→ Recorded data:
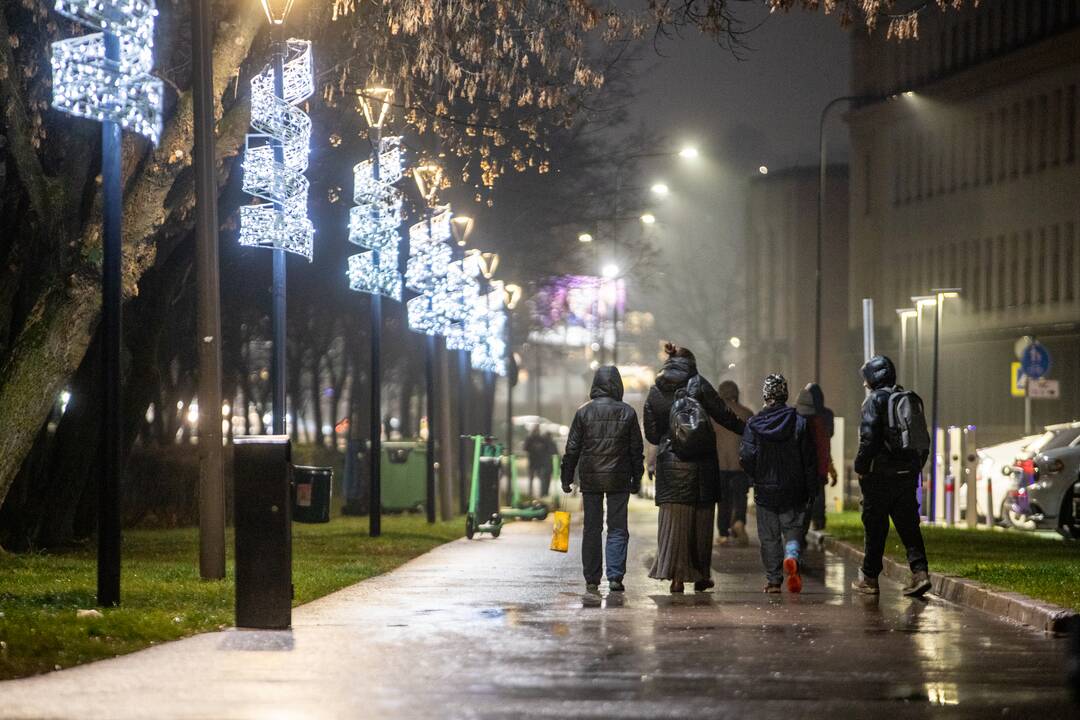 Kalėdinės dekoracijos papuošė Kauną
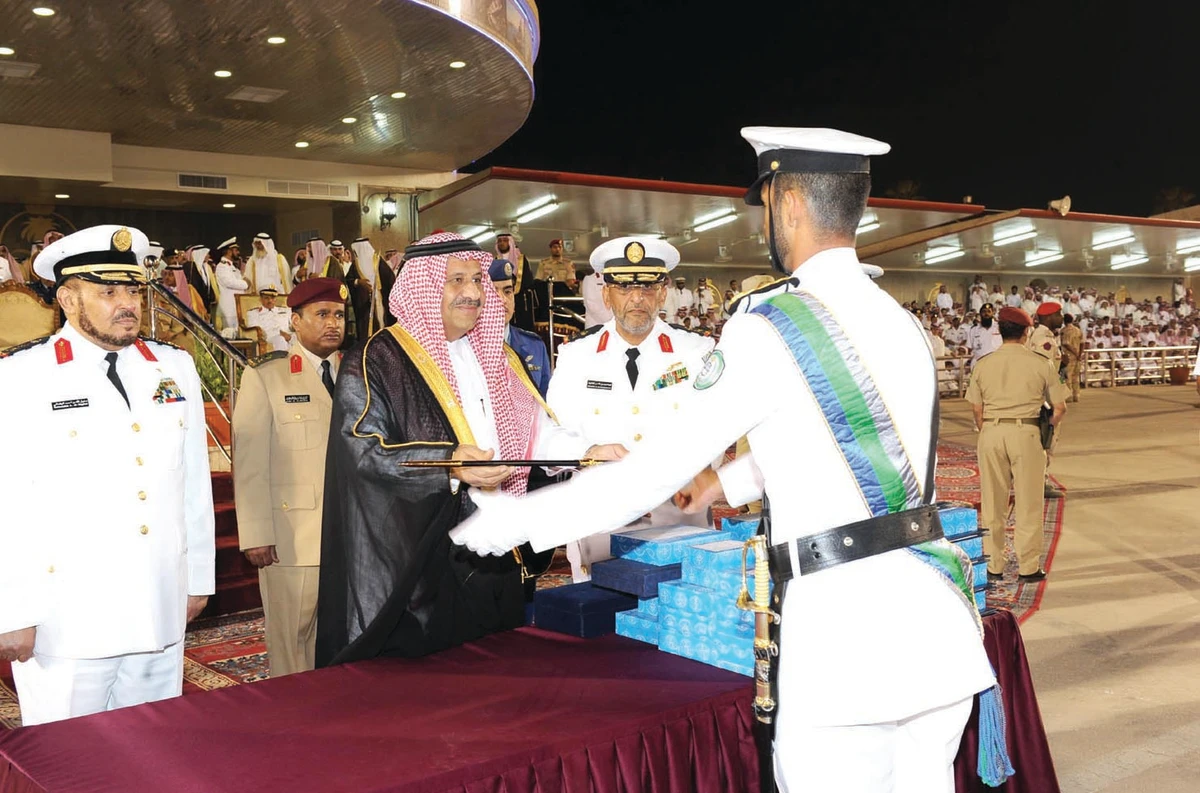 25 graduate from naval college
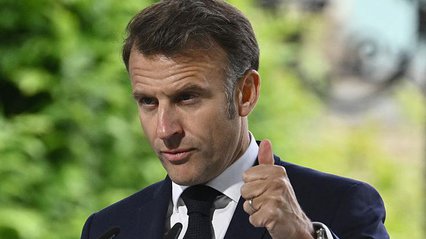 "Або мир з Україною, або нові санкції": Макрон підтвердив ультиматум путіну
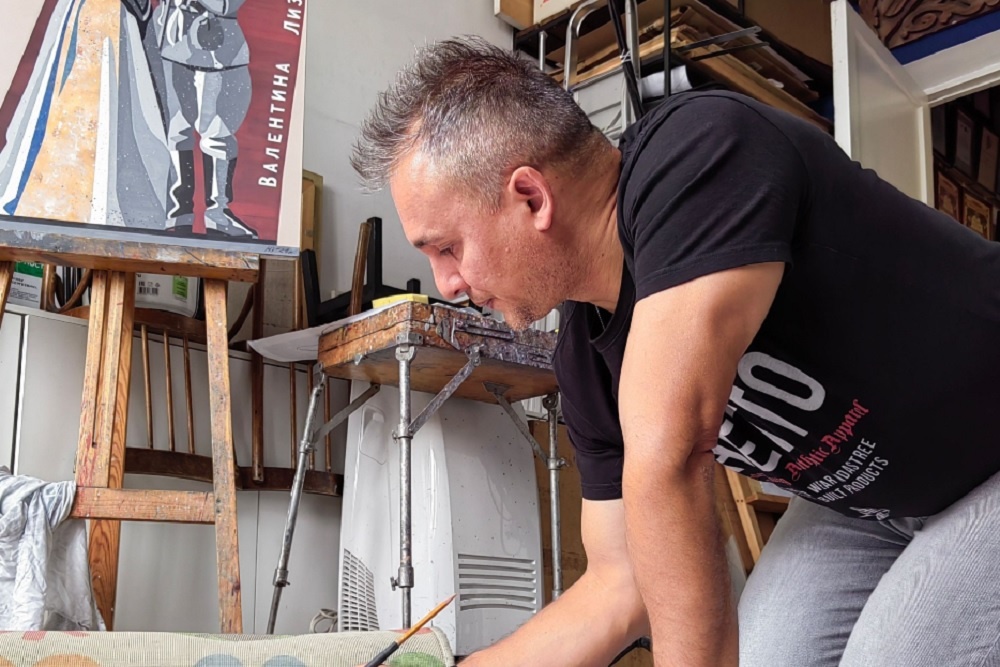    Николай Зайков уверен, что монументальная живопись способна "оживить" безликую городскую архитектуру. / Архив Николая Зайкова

→ Exercise aim: Each line from the one that contains "підтвердив ультиматум путіну" to the end of the listing must be quoted exactly; no other line and no picture belongs in the copy.

→ Answer space:
 "Або мир з Україною, або нові санкції": Макрон підтвердив ультиматум путіну
    Николай Зайков уверен, что монументальная живопись способна "оживить" безликую городскую архитектуру. / Архив Николая Зайкова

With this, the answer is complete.